Recording births in Uganda's remote villages
UNICEF is working with the government to boost the rate of birth registration
UNICEF is working with the government to boost the rate of birth registration but poor and marginalised communities remain difficult to access.
When data collectors last year came to Daniel Lowal’s village in remote northeast Uganda, the father of four didn’t want to miss out. He gathered his family together and hurried to the market square where data collectors had stationed.
One-by-one, Lowal presented his children at the registration desks, giving the data collectors the names and birth dates of each. Because he’d never had a birth certificate himself, Lowal always found it difficult to prove his identity and find work. “I didn’t want my children to suffer the way I suffered,” he said.
The youngsters have since been supplied with four clean, white “birth notification cards” from the government’s district office, which they will use to acquire birth certificates that are required to produce before they can sit for primary school exams, obtain identity cards and apply for jobs.
Lowal isn’t alone in wanting the births of children recorded in Uganda. The European Union and UNICEF in 2017 announced a grant worth 6 million euros to support a substantial increase in birth registration in the East African nation and three other African countries.
The grant, which is being managed by UNICEF, is designed to substantially increase the rate of registration, which until recent years was alarmingly low. Birth registration rates for children under 5 in Uganda have risen from 30 per cent in 2011 (UDHS report 2011) to an estimated 69 per cent at the end of 2016 (Administrative data).
The European Union grant builds on evidence that shows that rapid gains are made when birth registration is linked to the health sector, when births are recorded in the health facilities where they occur.
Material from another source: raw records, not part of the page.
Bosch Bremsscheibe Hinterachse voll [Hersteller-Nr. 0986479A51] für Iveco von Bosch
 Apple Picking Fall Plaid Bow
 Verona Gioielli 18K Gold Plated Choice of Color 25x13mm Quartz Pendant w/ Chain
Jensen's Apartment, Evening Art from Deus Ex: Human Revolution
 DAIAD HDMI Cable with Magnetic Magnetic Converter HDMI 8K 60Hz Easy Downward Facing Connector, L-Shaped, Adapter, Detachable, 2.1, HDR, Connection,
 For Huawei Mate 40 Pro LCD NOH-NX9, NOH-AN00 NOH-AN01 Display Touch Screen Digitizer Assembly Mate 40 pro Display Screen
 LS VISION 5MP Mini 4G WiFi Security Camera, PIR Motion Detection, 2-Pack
UNICEF describes birth registration as the official recording of a child's birth by the government, establishing the child’s existence under law and providing the foundation for safeguarding many of the child's civil, political, economic, social and cultural rights.
Low birth registration rates disproportionately affect poor and marginalised communities. Orphans, people with disabilities, victims of natural disaster and ethnic minorities risk missing out on critical education and health services if they don’t obtain birth certificates. People living in rural or remote areas also have limited access to civil registration services.
The European Union Ambassador to Uganda, Attilio Pacifici, said birth registration was crucial for the protection of vulnerable children from abuse such as child marriage and child labour.
“By registering births, we can ensure that minors who come into conflict with the law are not treated as adults in the justice system. It is also essential for the attainment of the right to health care and the right to education,”
In Uganda, newborns can be registered immediately at birth in health facilities, while children born at home can be registered at their respective sub counties.
While UNICEF is working hard with the national government to increase birth registration rates across the country, the challenges of recording the births of thousands of children born across the country every year are daunting.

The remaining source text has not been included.